[EXTRACTED ENTRIES]

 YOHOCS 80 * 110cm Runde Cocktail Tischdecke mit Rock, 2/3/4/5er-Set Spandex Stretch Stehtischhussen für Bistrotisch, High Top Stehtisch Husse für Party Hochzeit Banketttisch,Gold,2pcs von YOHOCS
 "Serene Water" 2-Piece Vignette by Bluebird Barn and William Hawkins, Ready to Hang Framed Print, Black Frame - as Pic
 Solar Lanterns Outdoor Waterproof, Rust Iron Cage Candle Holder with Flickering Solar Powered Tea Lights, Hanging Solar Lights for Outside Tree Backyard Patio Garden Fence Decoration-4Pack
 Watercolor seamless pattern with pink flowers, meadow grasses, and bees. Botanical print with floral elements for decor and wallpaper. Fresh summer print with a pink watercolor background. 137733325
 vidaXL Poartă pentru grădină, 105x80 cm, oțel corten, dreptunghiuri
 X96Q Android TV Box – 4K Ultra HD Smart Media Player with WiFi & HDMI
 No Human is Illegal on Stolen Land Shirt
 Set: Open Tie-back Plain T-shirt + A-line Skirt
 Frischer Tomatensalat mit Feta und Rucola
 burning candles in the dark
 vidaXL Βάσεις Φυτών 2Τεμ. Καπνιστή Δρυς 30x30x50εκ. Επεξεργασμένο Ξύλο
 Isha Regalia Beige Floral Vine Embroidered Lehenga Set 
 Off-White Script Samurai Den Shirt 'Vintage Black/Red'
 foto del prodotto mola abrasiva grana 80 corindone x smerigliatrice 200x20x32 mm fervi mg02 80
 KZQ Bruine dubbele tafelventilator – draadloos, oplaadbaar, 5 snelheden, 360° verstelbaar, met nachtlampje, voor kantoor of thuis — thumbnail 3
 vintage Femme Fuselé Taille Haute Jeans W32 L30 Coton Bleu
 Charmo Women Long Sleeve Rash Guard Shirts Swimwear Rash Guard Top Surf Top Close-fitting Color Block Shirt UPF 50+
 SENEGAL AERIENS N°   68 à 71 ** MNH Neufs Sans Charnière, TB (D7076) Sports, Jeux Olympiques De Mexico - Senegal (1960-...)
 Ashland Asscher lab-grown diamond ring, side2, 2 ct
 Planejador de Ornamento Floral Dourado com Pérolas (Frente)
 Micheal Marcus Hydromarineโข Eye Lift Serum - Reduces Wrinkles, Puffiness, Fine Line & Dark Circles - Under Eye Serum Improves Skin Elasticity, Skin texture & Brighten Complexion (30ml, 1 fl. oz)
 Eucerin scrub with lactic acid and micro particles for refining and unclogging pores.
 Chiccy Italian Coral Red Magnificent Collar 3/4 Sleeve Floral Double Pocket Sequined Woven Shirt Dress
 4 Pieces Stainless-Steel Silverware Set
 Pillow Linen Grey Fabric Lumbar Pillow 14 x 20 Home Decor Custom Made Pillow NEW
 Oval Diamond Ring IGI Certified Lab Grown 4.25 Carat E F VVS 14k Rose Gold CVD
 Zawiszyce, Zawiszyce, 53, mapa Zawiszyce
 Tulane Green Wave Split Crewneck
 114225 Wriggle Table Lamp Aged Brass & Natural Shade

[/EXTRACTED ENTRIES]

= WHAT YOU NEED TO DO =
Copy every line of the data above in which the string "with" appears.

= REPLY =
 Solar Lanterns Outdoor Waterproof, Rust Iron Cage Candle Holder with Flickering Solar Powered Tea Lights, Hanging Solar Lights for Outside Tree Backyard Patio Garden Fence Decoration-4Pack
 Watercolor seamless pattern with pink flowers, meadow grasses, and bees. Botanical print with floral elements for decor and wallpaper. Fresh summer print with a pink watercolor background. 137733325
 X96Q Android TV Box – 4K Ultra HD Smart Media Player with WiFi & HDMI
 Eucerin scrub with lactic acid and micro particles for refining and unclogging pores.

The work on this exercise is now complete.